Sriharikota. 16 September 2018. The Polar Satellite Launch Vehicle (PSLV-C42) of Indian Space Research Organisation (ISRO) today (16 Sept 2018, Sunday) successfully launched two satellites — NovaSAR and S1-4 — from the Satish Dhawan Space Centre (SDSC) SHAR, Sriharikota here.
The PSLV-C42 lifted off from the First Launch Pad of SHAR at 10.08 pm (IST). Both satellites were injected into the Sun Synchronous Orbit, about 17 minutes later, at an altitude of 583 km. The satellites belong to UK-based Surrey Satellite Technology Limited (SSTL), which has a contract with Antrix Corporation Ltd, the commercial arm of ISRO.
NovaSAR carries S-band Synthetic Aperture Radar (SAR) and an Automatic Identification Receiver payloads. The satellite applications include forestry mapping, land use and ice cover monitoring, flood and disaster monitoring and maritime missions. It will be operated from SSTL’s Spacecraft Operations Centre in Guildford, UK.
S1-4 is a high resolution earth observation satellite meant for surveying resources, environment monitoring, urban management and disaster monitoring. This was the 44th flight of PSLV and the 12th flight of the Core Alone version of the vehicle. Core Alone is its lightest version without the six strap-on motors. It is used for launching smaller payloads.
The PSLV launch vehicle consists of four stages, each of which is a self-contained vehicle capable of functioning independently with own propulsion systems. During the previous launch (PSLV-C41, 12 April 2018), the ‘XL’ version of PSLV with six strap-on motors was used. The vehicle successfully launched the IRNSS-1I navigation satellite to a Sub-Geosynchronous Transfer Orbit.
Preparations began at Sriharikota in mid-July with the process of vehicle integration setting the tone for the launch. Many centres of ISRO contributed to this mission with the vehicle being designed and developed by Vikram Sarabhai Space Centre, Thiruvananthapuram.
The second and fourth stage liquid engines came from Liquid Propulsion Systems Centre, Thiruvananthapuram and ISRO Propulsion Complex, Mahendragiri (TN).
The vehicle’s guidance system is from ISRO’s Inertial Systems Unit, Thiruvananthapuram, while SDSC SHAR was responsible for solid motor preparation, vehicle integration and launch infrastructure. ISRO’s Telemetry Tracking and Command Network provided tracking support.
ISRO Chairman Dr K Sivan congratulated the team soon after the successful mission. “I am extremely happy that the PSLV-C42 precisely launched two of our customer satellites at 583 km orbit. This was unique night mission executed for the first time by us. The PSLV has proven yet again as a user-friendly vehicle in all aspects. The credit goes to the entire ISRO team and industries. This success will give added energy for industries to make PSLV by themselves. We are going to have 18 missions in the next six months, virtually one launch every two weeks,” Dr Sivan said.

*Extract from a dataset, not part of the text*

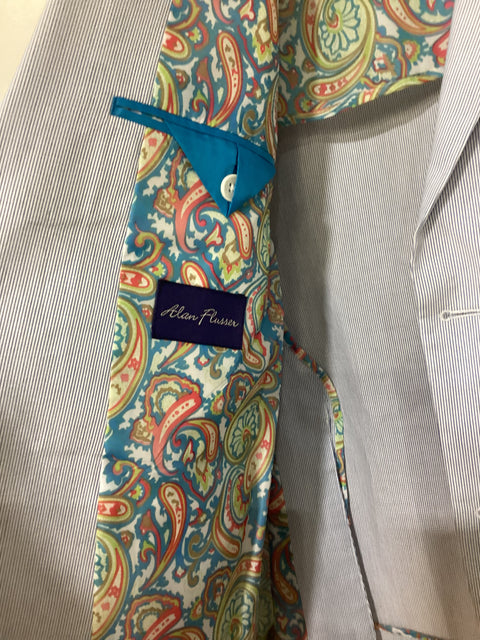 Alan Flusser Cotton Jacket SZ Large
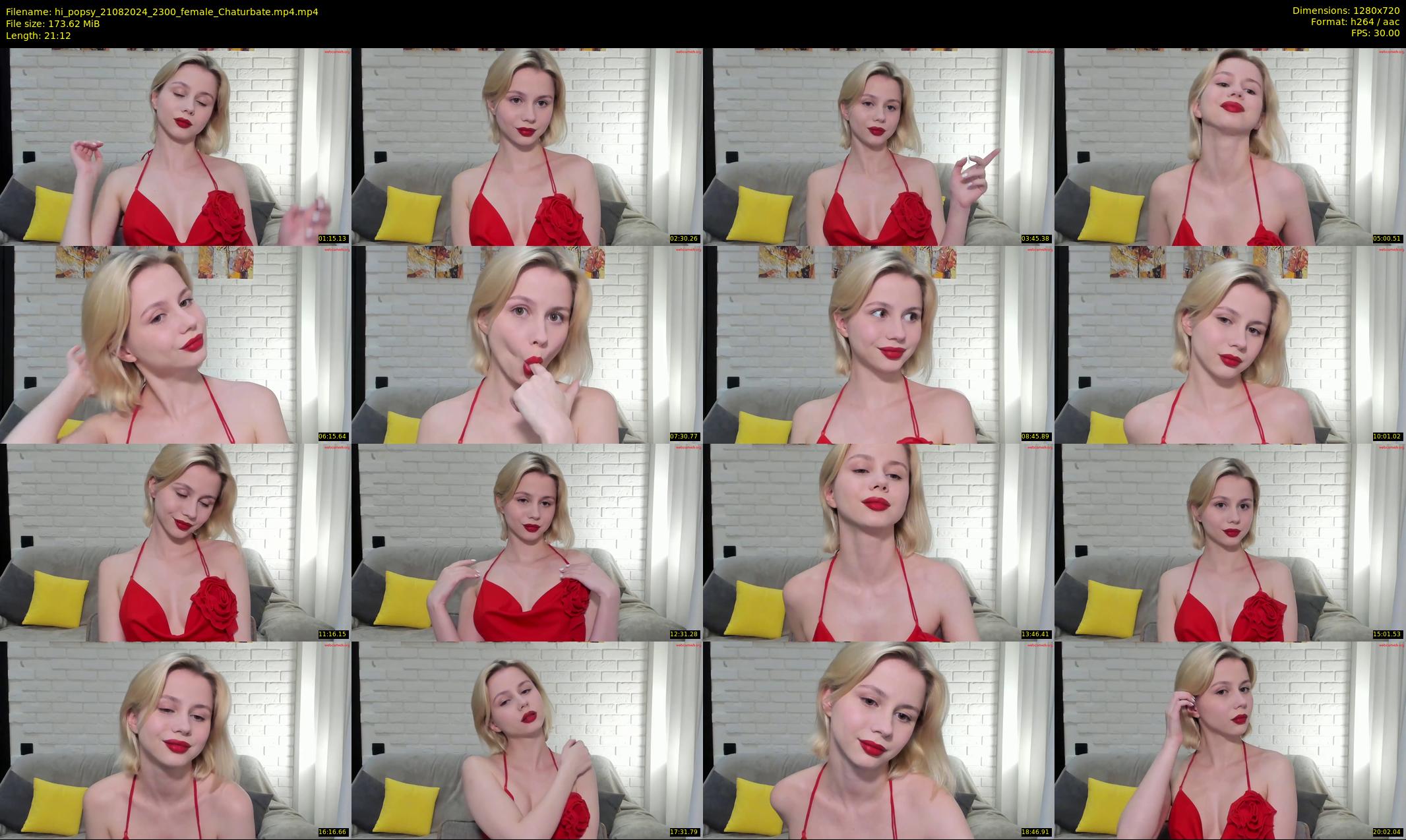 hi_popsy — 22 minute Chaturbate female cam show recording, 720p, Aug 21, 2024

Thousands of skilled personnel from ISRO and industries, including many youngsters, played a crucial role in this mission. The Project Director of PSLV is R Hutton, who was also the Mission Director.
“The PSLV-C42 marks the latest technology and commercial collaboration between India and the UK with the launch of the combination of high resolution optical and radar (SAR) satellites from us,” says Sir Martin Sweeting, Group Executive Chairman, SSTL
As on date, ISRO has launched 239 foreign satellites of 28 countries.